REQUIRED ACTION. Every record that follows should be written out word for word; the pictures stay out.

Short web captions
----

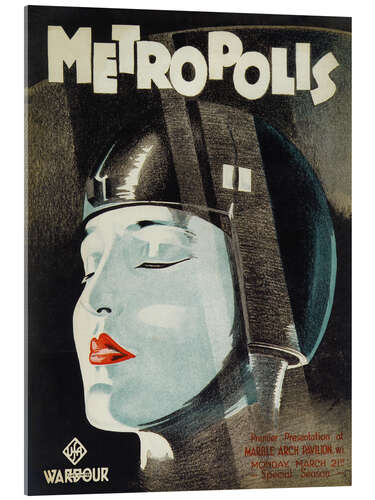 Stampa su vetro acrilico Metropolis, 1926, Head of Maria I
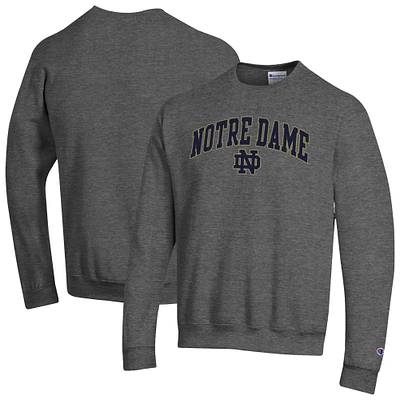 Men's Champion Heather Charcoal Notre Dame Fighting Irish Arch Over Logo Pullover Sweatshirt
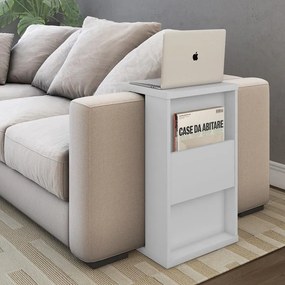 Mesa Bandeja Lateral para Sofá Apoio Multifuncional Branco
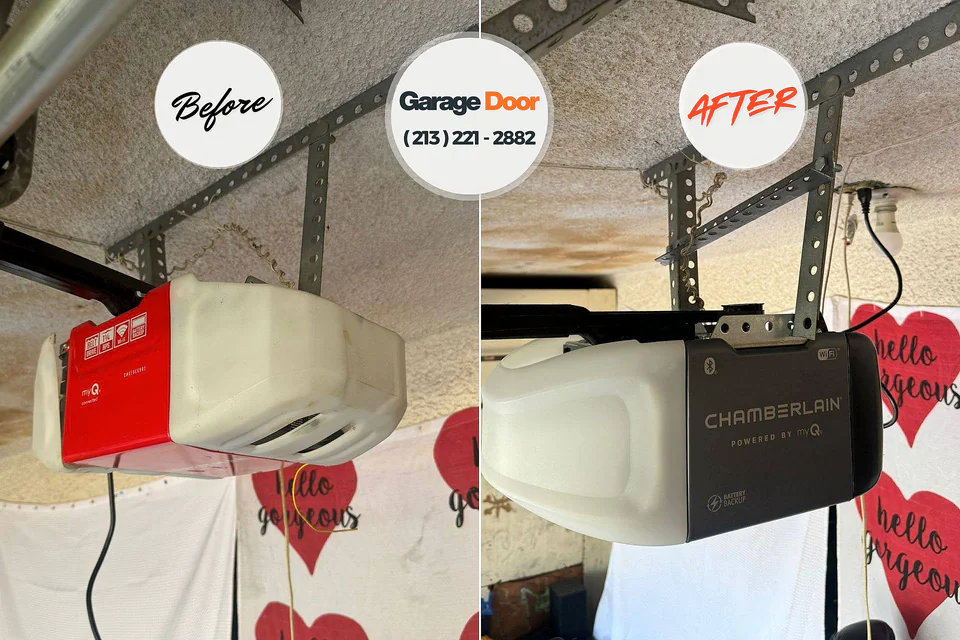 Before and after: garage door repair Woodlawn, VA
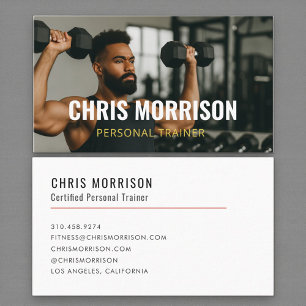 Carte De Visite Photo de coach de gym entraîneur personnel Fitness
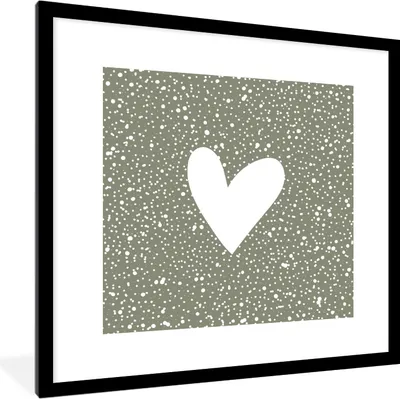 Produktbild von MuchoWow® Gerahmtes Poster Herz - Design - Liebe 40x40 cm - Poster mit Schwarzem Bilderrahmen Wandposter Rahmen Foto Bilder - Poster - Plakat im Rahmen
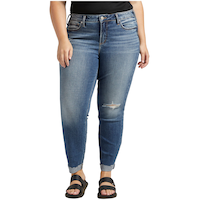 Silver Women's Suki Mid Rise Straight Leg Jeans - Plus Size Front_Flat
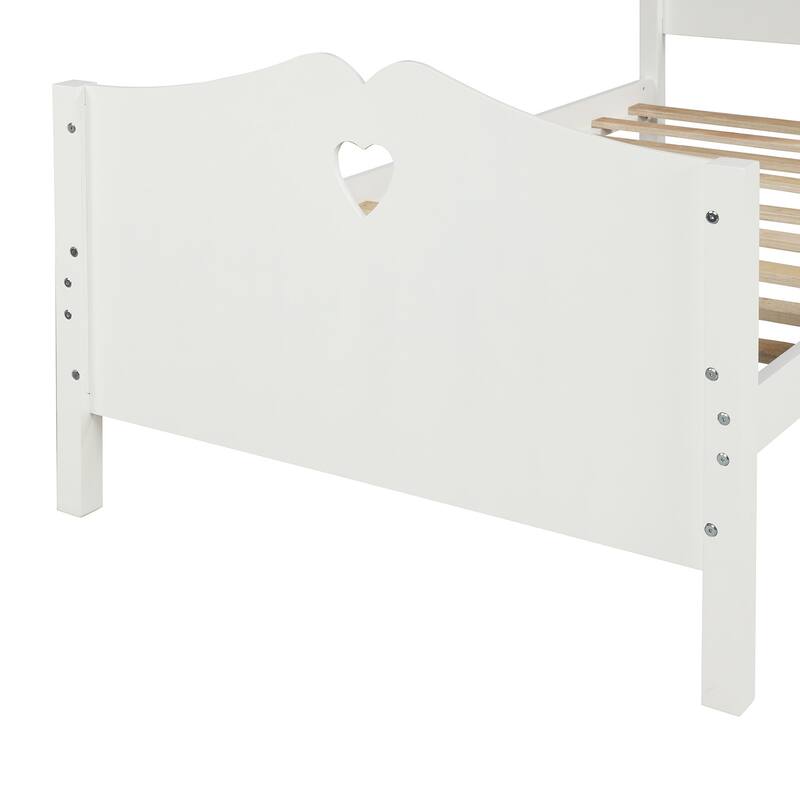 White Wood Twin Platform Bed with Headboard, Footboard, and Slat Support - Minimalist Design, Sturdy Pine Frame, 10 Slats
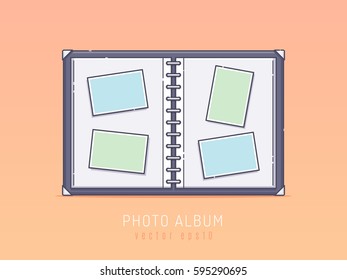 Vintage photo album in flat linework style vector illustration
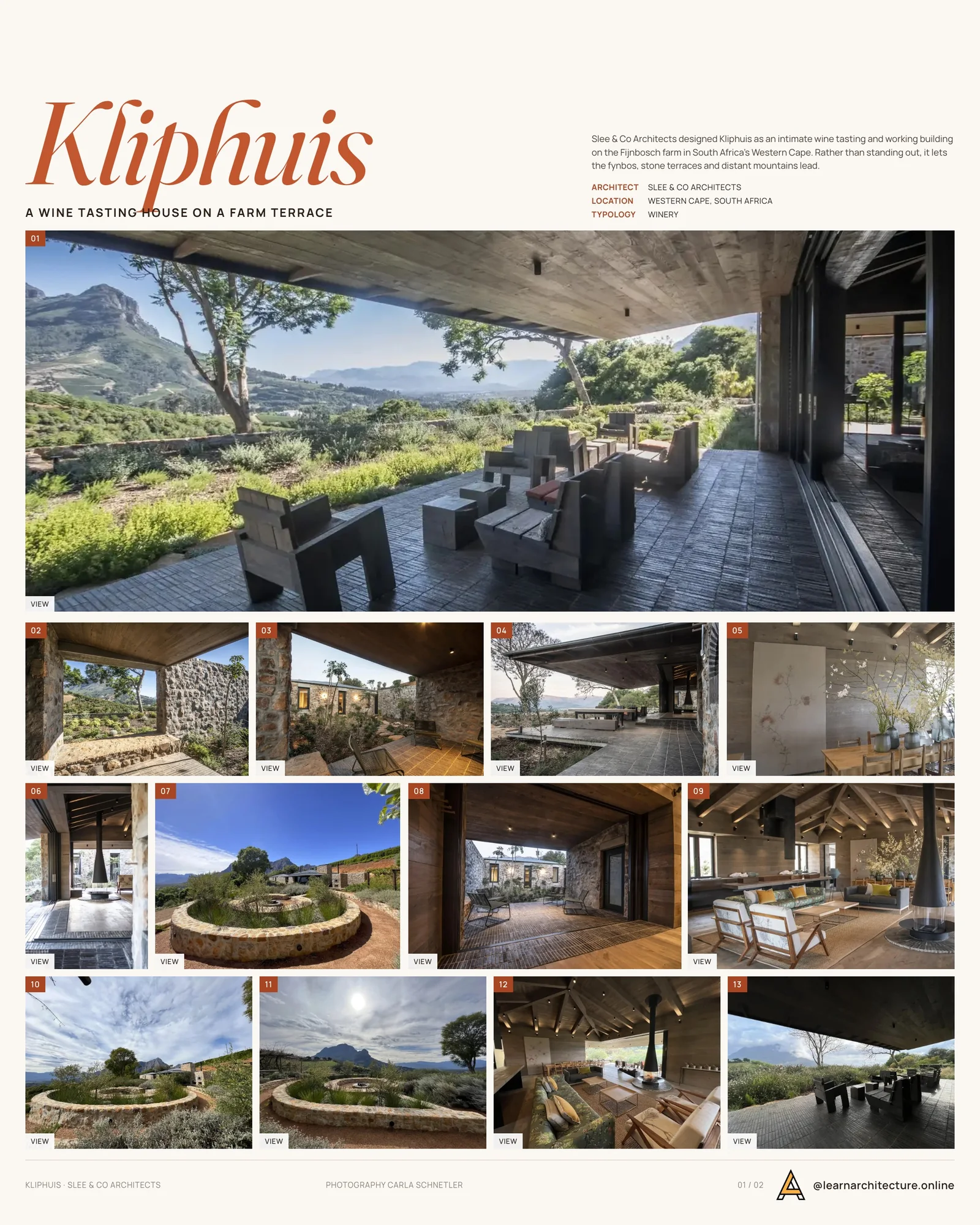 Presentation board cover for Kliphuis for Capensis Wines by Slee & Co Architects, with the lead image, project summary and a grid of photographs and drawings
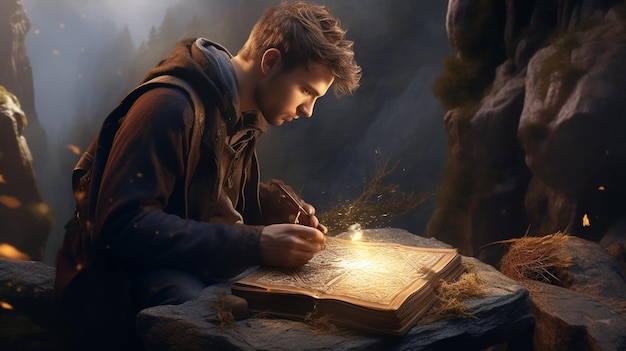 Foto un hombre leyendo un libro en la cueva de la montaña concepto de libro de historias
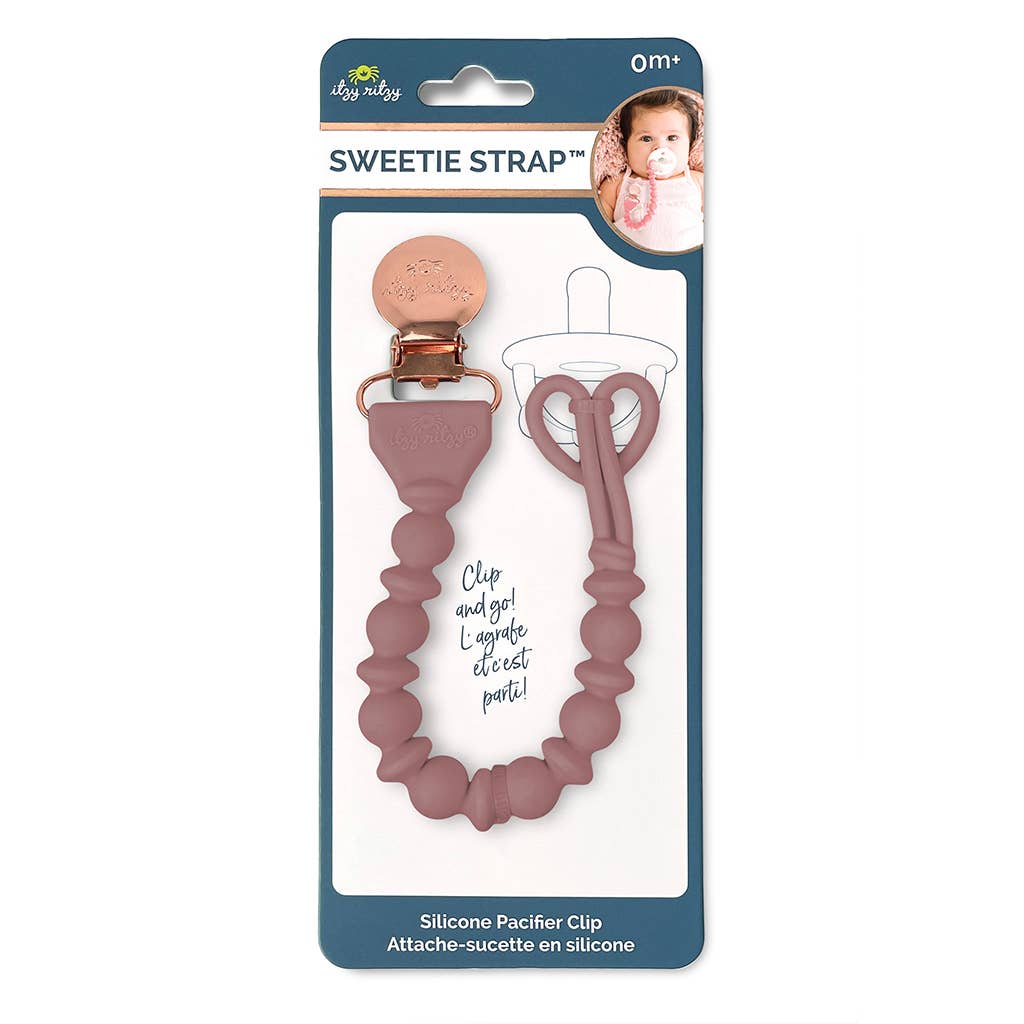 Itzy Ritzy - Sweetie Strap™ Silicone One-Piece Pacifier Clips: Buttercream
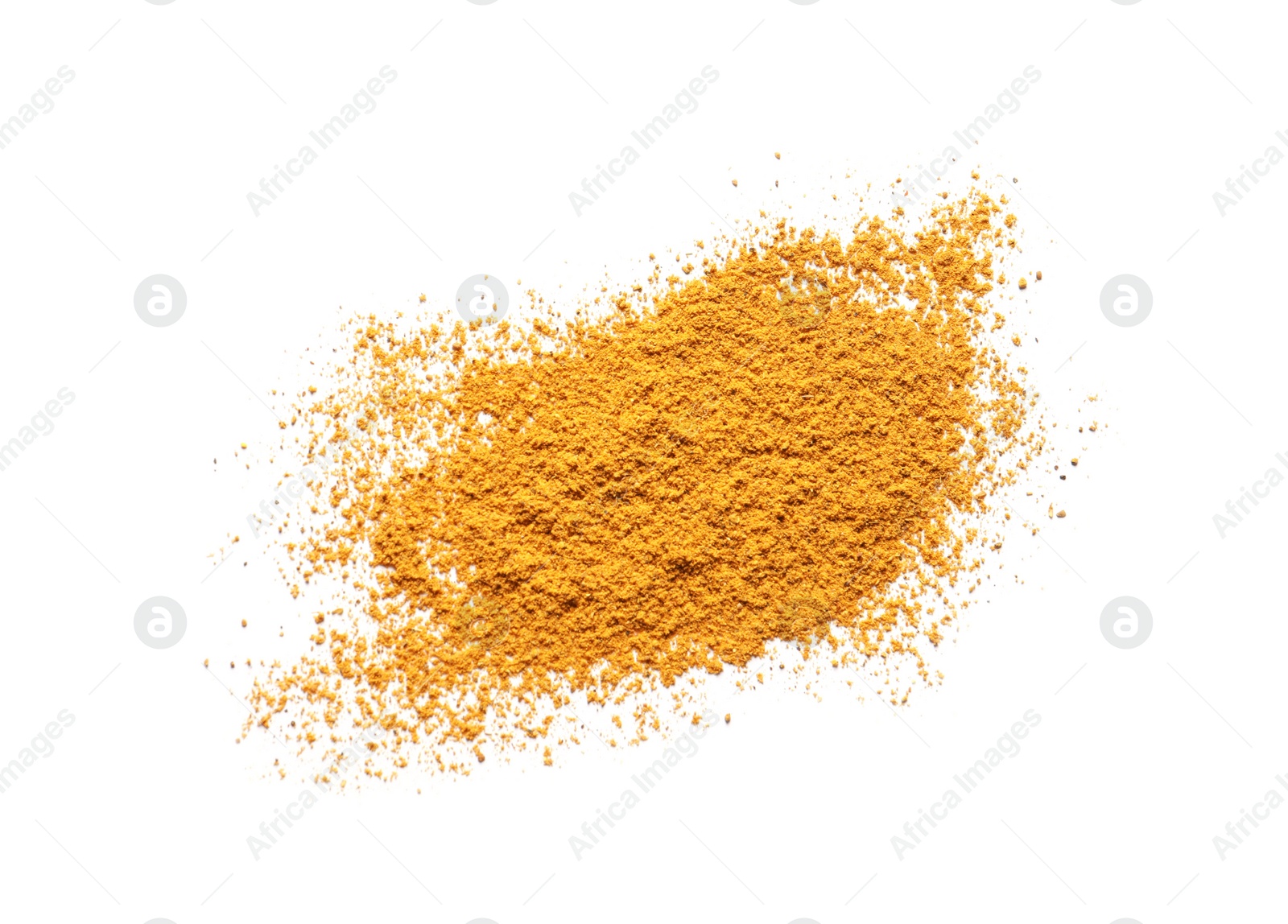 Photo of Dry curry powder isolated on white, top view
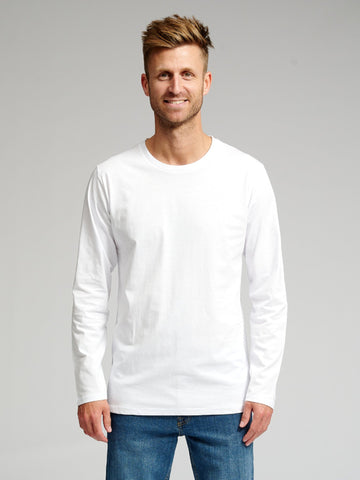 Basic T-shirt met lange mouwen-wit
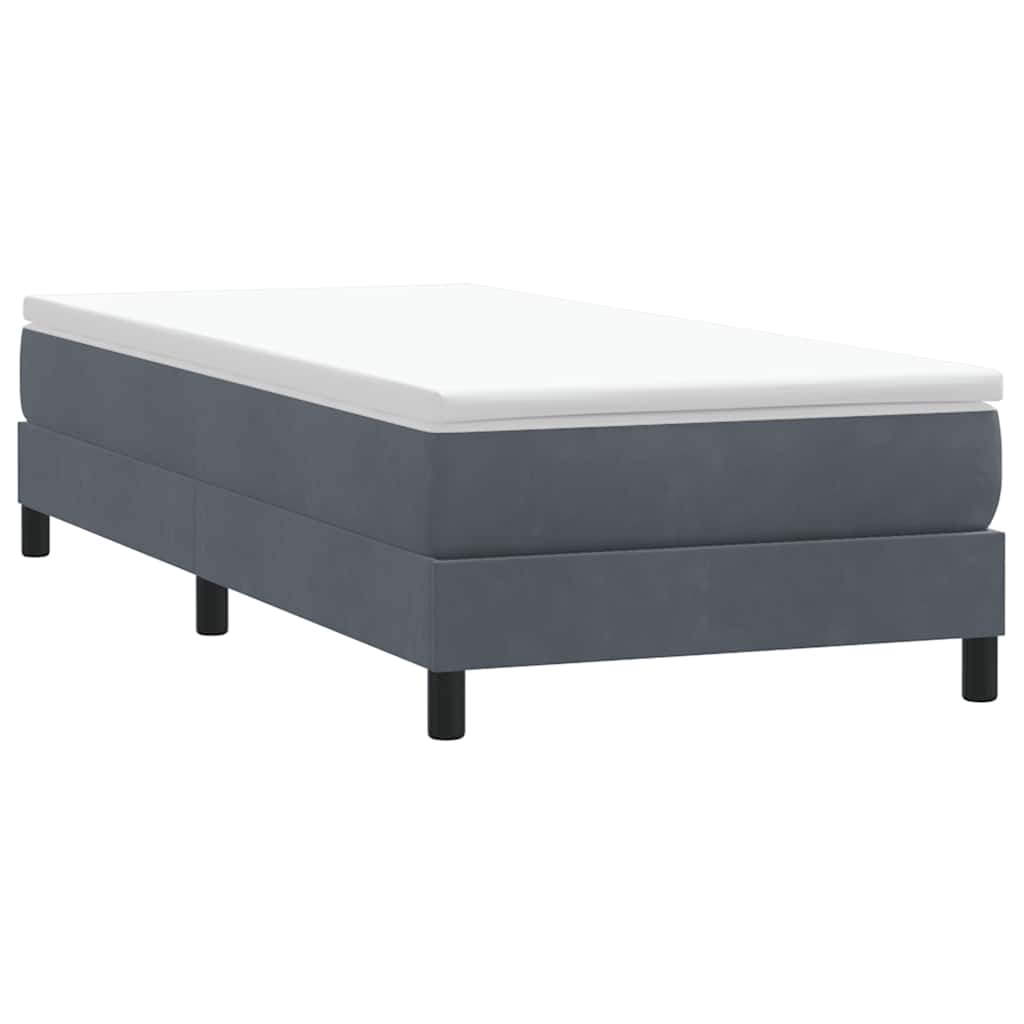 Letto a Molle senza Materasso Grigio Scuro 100x220 cm Velluto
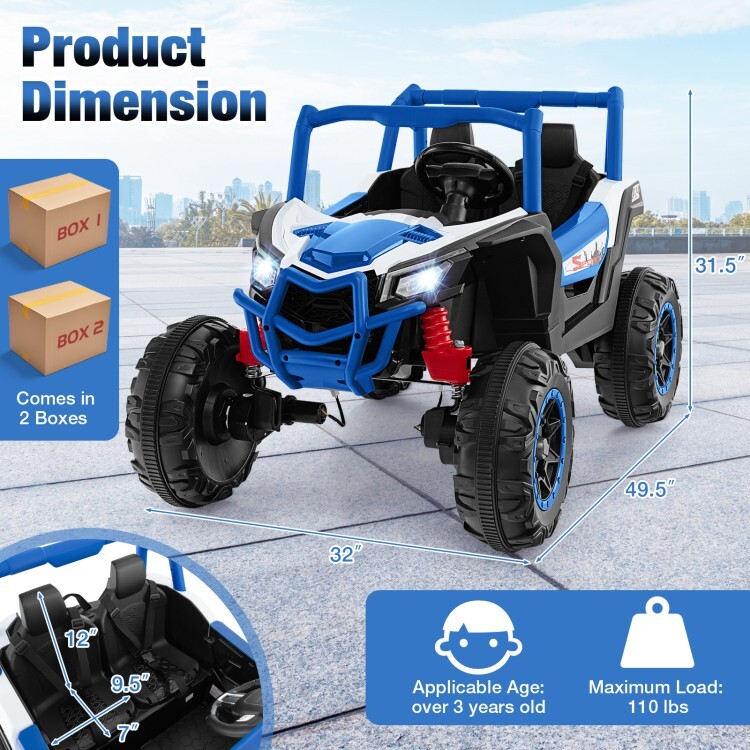 2-Seater Kids Ride on Electric UTV 24V battery Gift Kids w/2.4G Remote Control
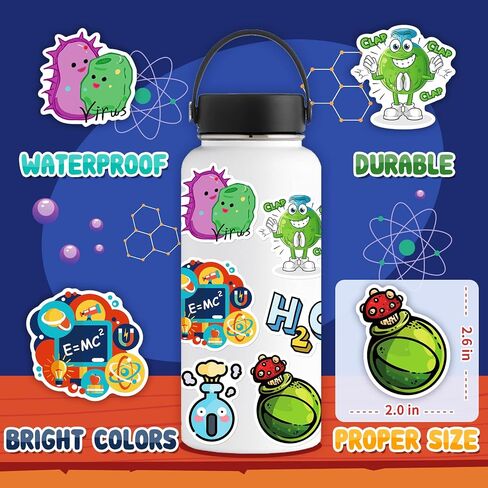 400pcs Science Stickers, Science Classroom Decor, Science Stickers for Teacher Students Kids Teens, Science Stickers for Water Bottles, Math Chemistry Physics Biology Gifts, Lab Science Decorations in Saudi Arabia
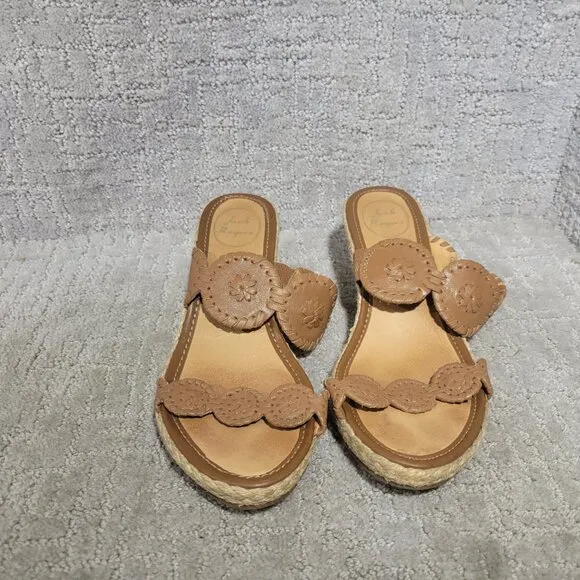 Jack Rogers Shelby Women's Size US 9M Brown Espadrille Wedge Slide Heels Sandals
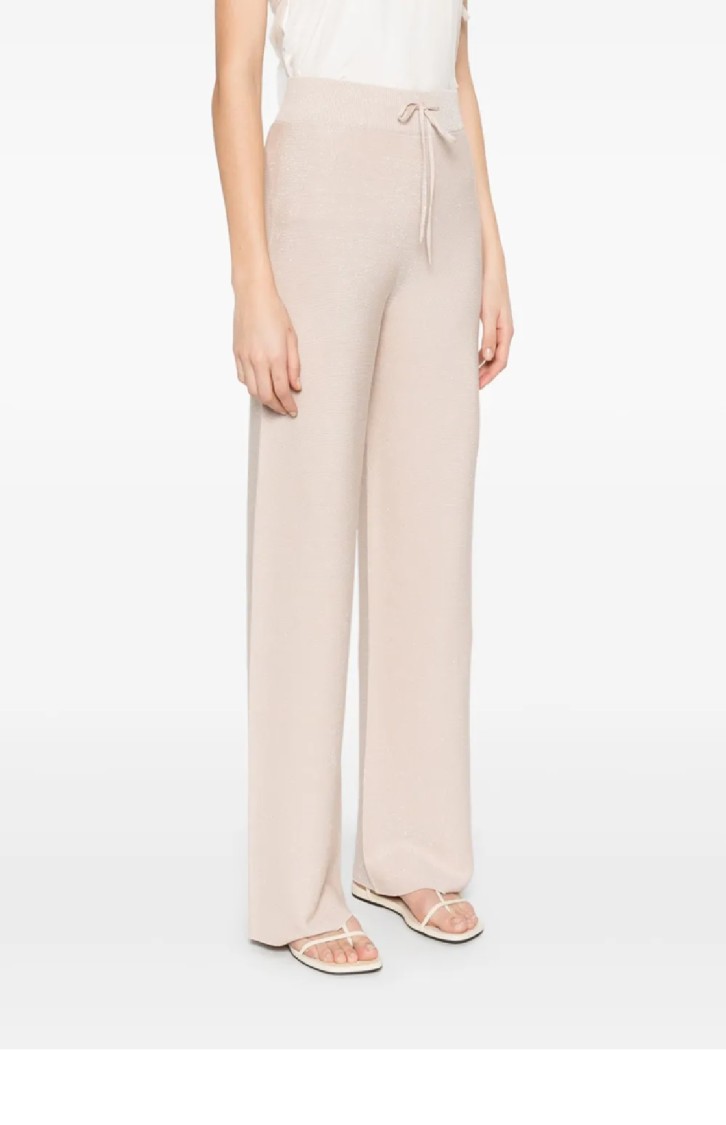 Fabiana Filippi Wide-leg Pants With Drawstring Waist In Pink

----

SOLVED EXERCISE.
 Stampa su vetro acrilico Metropolis, 1926, Head of Maria I
 Men's Champion Heather Charcoal Notre Dame Fighting Irish Arch Over Logo Pullover Sweatshirt
 Mesa Bandeja Lateral para Sofá Apoio Multifuncional Branco
 Before and after: garage door repair Woodlawn, VA
 Carte De Visite Photo de coach de gym entraîneur personnel Fitness
 Produktbild von MuchoWow® Gerahmtes Poster Herz - Design - Liebe 40x40 cm - Poster mit Schwarzem Bilderrahmen Wandposter Rahmen Foto Bilder - Poster - Plakat im Rahmen
 Silver Women's Suki Mid Rise Straight Leg Jeans - Plus Size Front_Flat
 White Wood Twin Platform Bed with Headboard, Footboard, and Slat Support - Minimalist Design, Sturdy Pine Frame, 10 Slats
 Vintage photo album in flat linework style vector illustration
 Presentation board cover for Kliphuis for Capensis Wines by Slee & Co Architects, with the lead image, project summary and a grid of photographs and drawings
 Foto un hombre leyendo un libro en la cueva de la montaña concepto de libro de historias
 Itzy Ritzy - Sweetie Strap™ Silicone One-Piece Pacifier Clips: Buttercream
 Photo of Dry curry powder isolated on white, top view
 Basic T-shirt met lange mouwen-wit
 Letto a Molle senza Materasso Grigio Scuro 100x220 cm Velluto
 2-Seater Kids Ride on Electric UTV 24V battery Gift Kids w/2.4G Remote Control
 400pcs Science Stickers, Science Classroom Decor, Science Stickers for Teacher Students Kids Teens, Science Stickers for Water Bottles, Math Chemistry Physics Biology Gifts, Lab Science Decorations in Saudi Arabia
 Jack Rogers Shelby Women's Size US 9M Brown Espadrille Wedge Slide Heels Sandals
 Fabiana Filippi Wide-leg Pants With Drawstring Waist In Pink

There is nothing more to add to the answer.